Others have suggested that the cylinder seals show the Indus valley's influence on Mesopotamia. These may have been due to overland trade between the two cultures.

Scripts and languages

Similarities between Proto-Elamite (circa 3000 BCE) and especially Linear Elamite (2300-2000 BCE) scripts with the Indus script have been noted, although it has not been possible to decipher any of them. Proto-Elamite only starts to be readable from around 2300 BCE, when Elamite adopted the cuneiform system. These Elamite scripts are said to be "technically similar" to the Indus script. On comparing the Linear Elamite to the Indus script, a number of similar symbols have also been found.

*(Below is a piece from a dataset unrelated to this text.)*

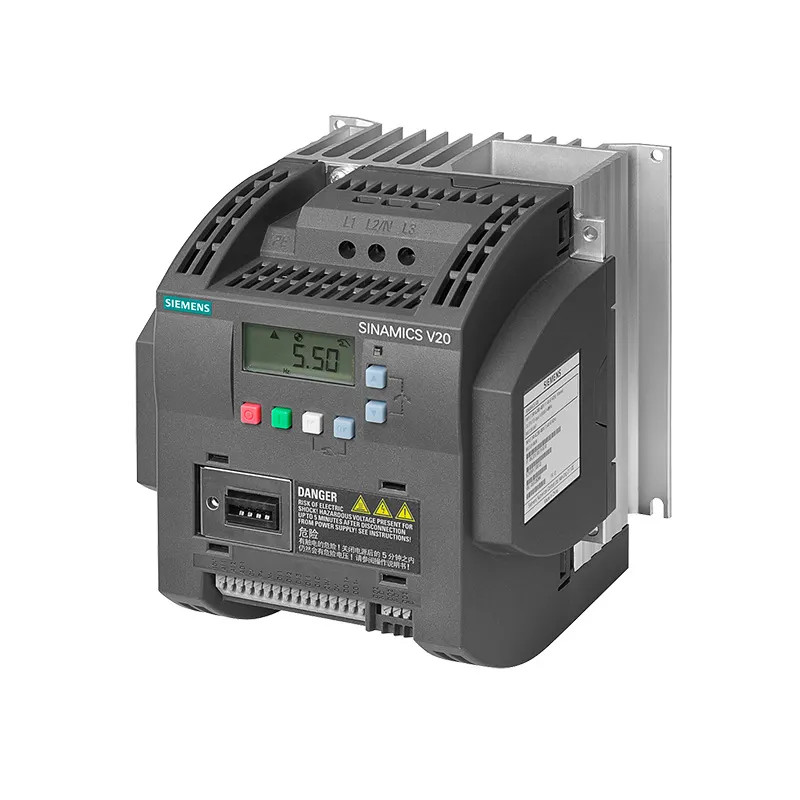 Siemens V20 Inverter 0.37kw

The Meluhhan language was not readily understandable at the Akkadian court, since interpretators of the Meluhhan language are known to have resided in Mesopotamia, particularly through an Akkadian seal with the inscription "Shu-ilishu, interpreter of the Meluhhan language".

Chronology

Sargon of Akkad (circa 2300 or 2250 BCE), was the first Mesopotamian ruler to make an explicit reference to the region of Meluhha, which is generally understood as being the Baluchistan or the Indus area. Sargon mentions the presence of Meluhha, Magan, and Dilmun ships at Akkad.

These dates correspond roughly to the Mature Harappan phase, dated from around 2600 to 2000 BCE. The dates for the main occupation of Mohenjo-Daro are from about 2350 to 2000/1900 BCE.

It has been suggested that the early Mesopotamian Empire preceded the emergence of the Harappan civilization, and that trade and cultural exchanges may have facilitated the emergence of Harappan culture. Alternatively, it is possible that the Harappan culture had already emerged by the time trade with Mesopotamia started. Uncertainties in dating make it impossible to establish a clear order at this stage.

Exchanges seem to have been most significant during the Akkadian Empire and Ur III periods, and to have waned afterwards together with the disappearance of the Indus valley civilization.

Comparative sizes
The Indus Valley Civilization only flourished in its most developed form between 2500 and 1800 BCE until it became extinct, but at the time of these exchanges, it was a much larger entity than the Mesopotamian civilization, covering an area of 1.2 million square kilometres with thousands of settlements, compared to an area of only about 65,000 square kilometres for the occupied area of Mesopotamia, while the largest cities were comparable in size at about 30,000–40,000 inhabitants.

There were altogether about 1,500 Indus valley cities, amounting to a population of perhaps 5 million at the maximum time of their florescence. In contrast, the total urban population of Mesopotamia in 2,500 BCE was around 290,000.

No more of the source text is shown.